(DATA SECTION)

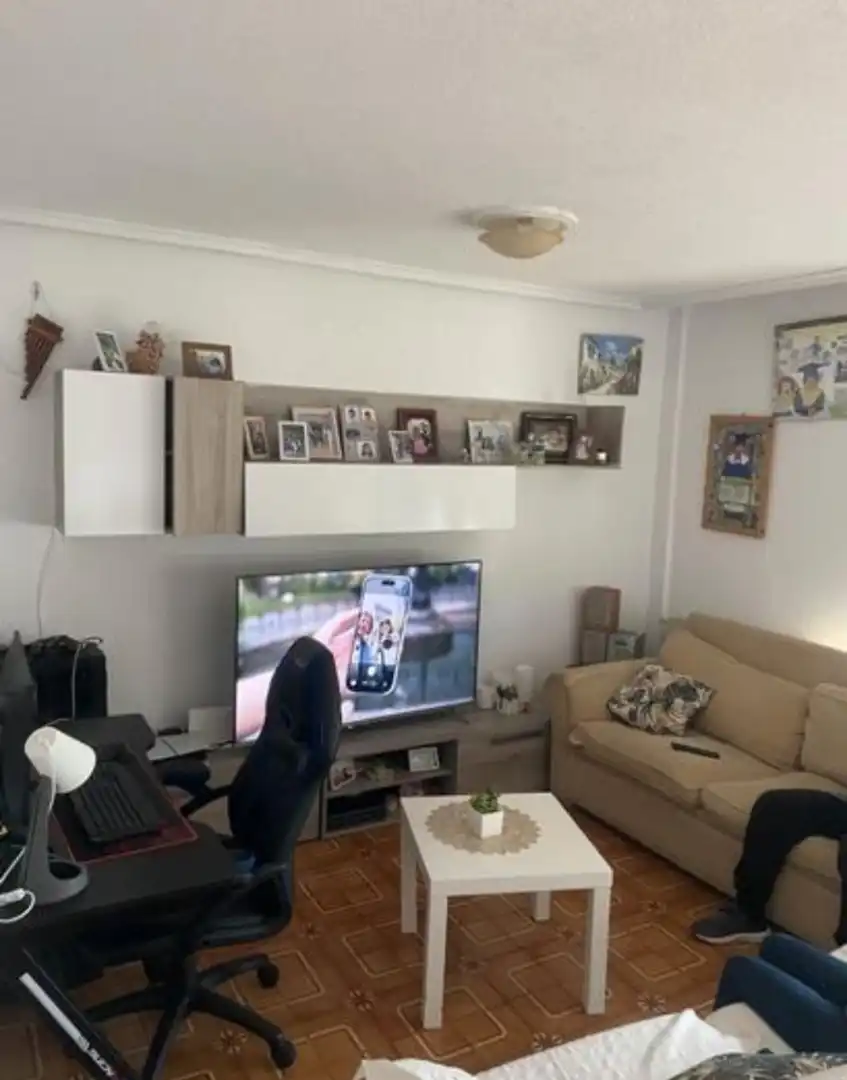 Sala de estar de Piso en venta en Torrelavega  con Calefacción, Jardín privado y Amueblado
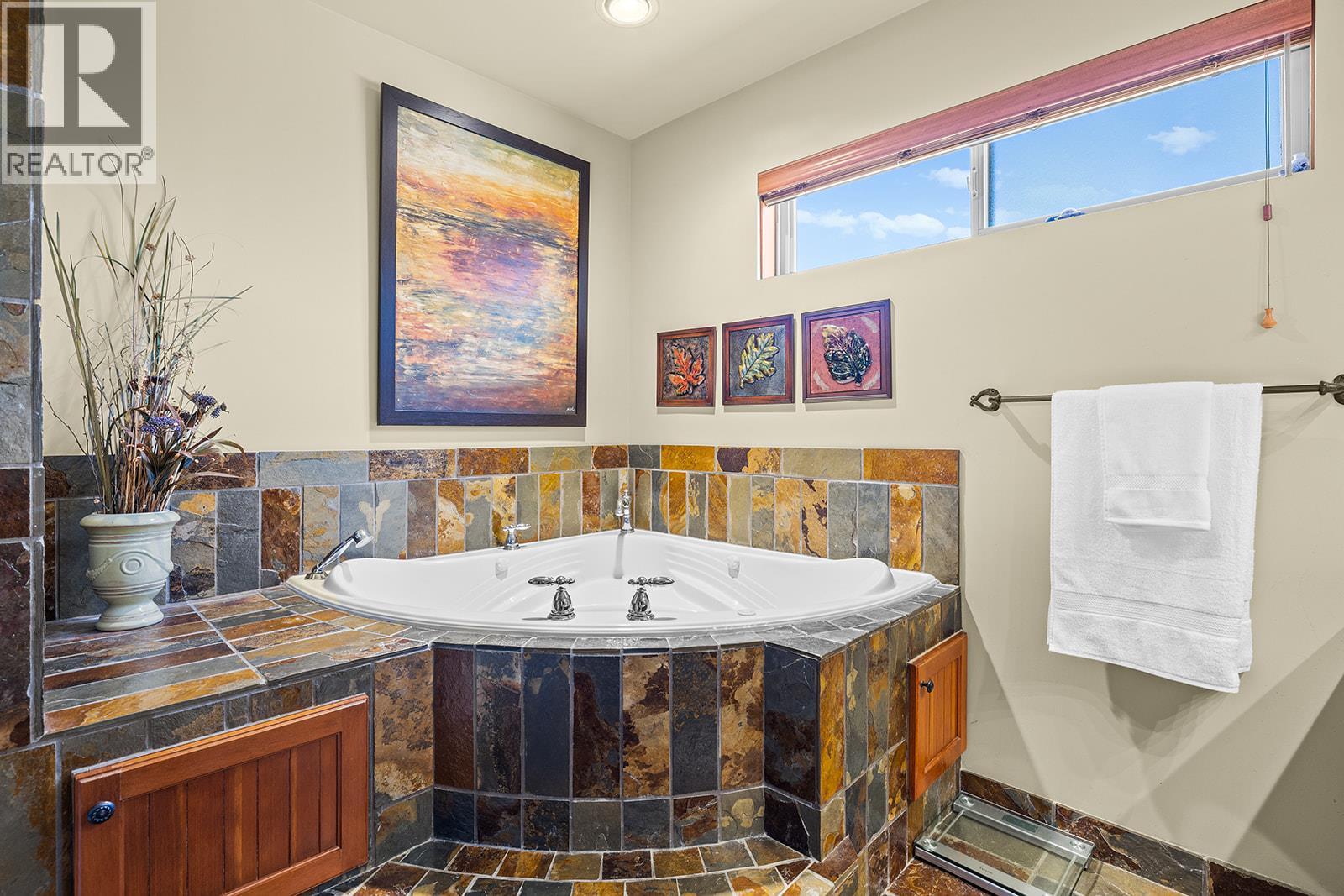  1682 Larkridge Court, Kelowna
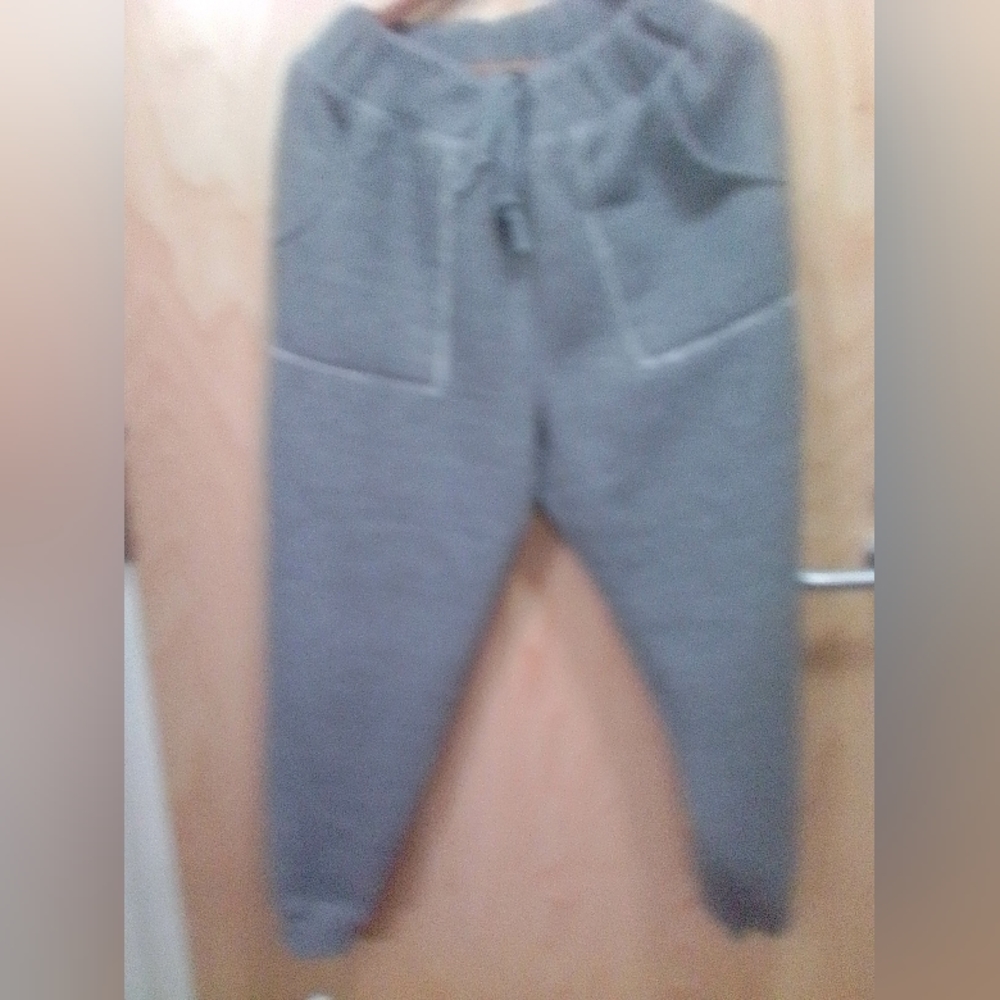 Sweat pants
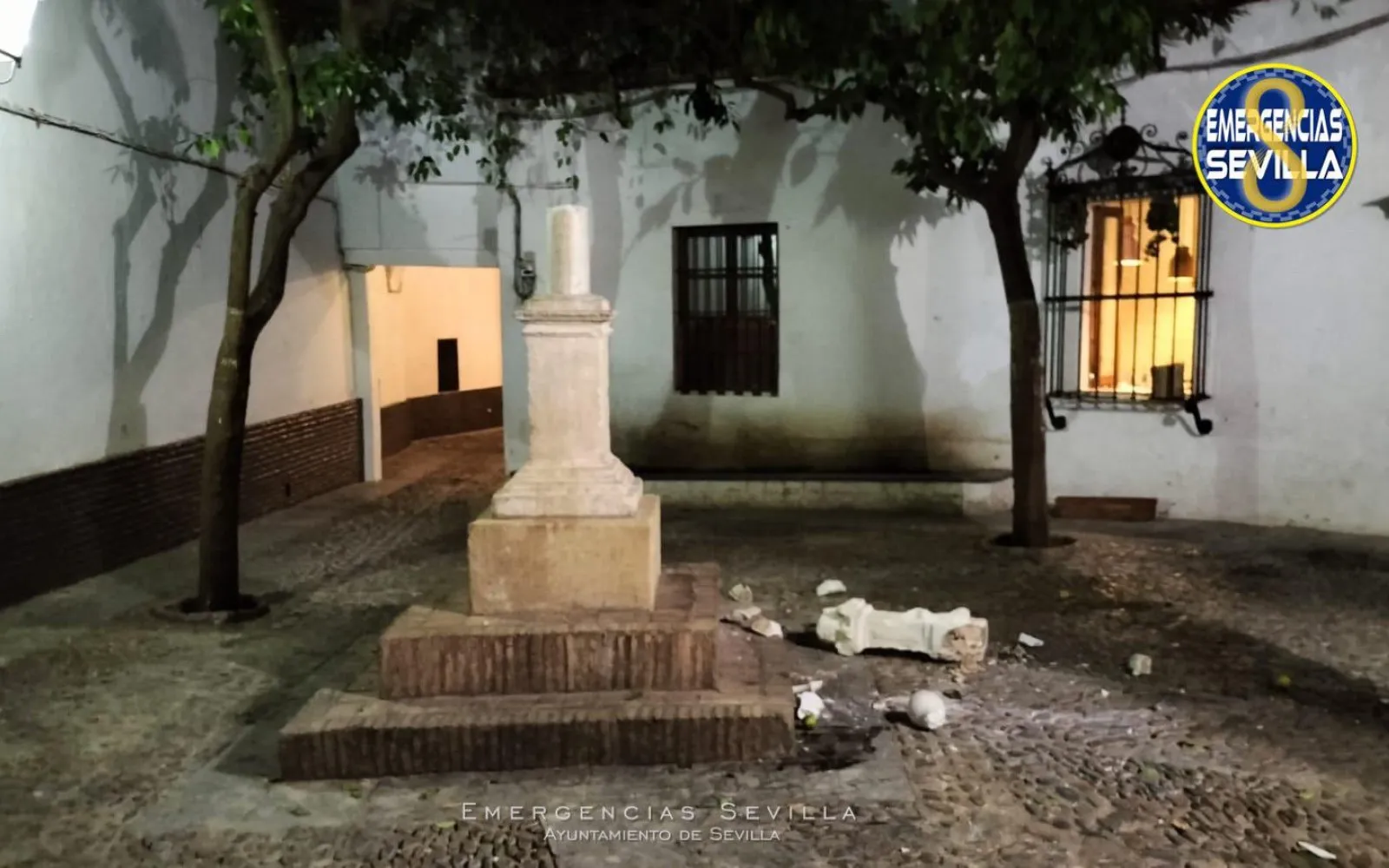 La Cruz de San Lázaro de Sevilla, esculpida en el siglo XVI fue vandalizada la noche del 21 al 22 de octubre de 2023.?w=200&h=150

(End DATA SECTION)

Every line from the one containing "1682 Larkridge Court, Kelowna" through the last line of the listing must be written out again exactly, and no other line. Leave the pictures aside.

§ SOLUTION TO THIS PROBLEM:
  1682 Larkridge Court, Kelowna
 Sweat pants
 La Cruz de San Lázaro de Sevilla, esculpida en el siglo XVI fue vandalizada la noche del 21 al 22 de octubre de 2023.?w=200&h=150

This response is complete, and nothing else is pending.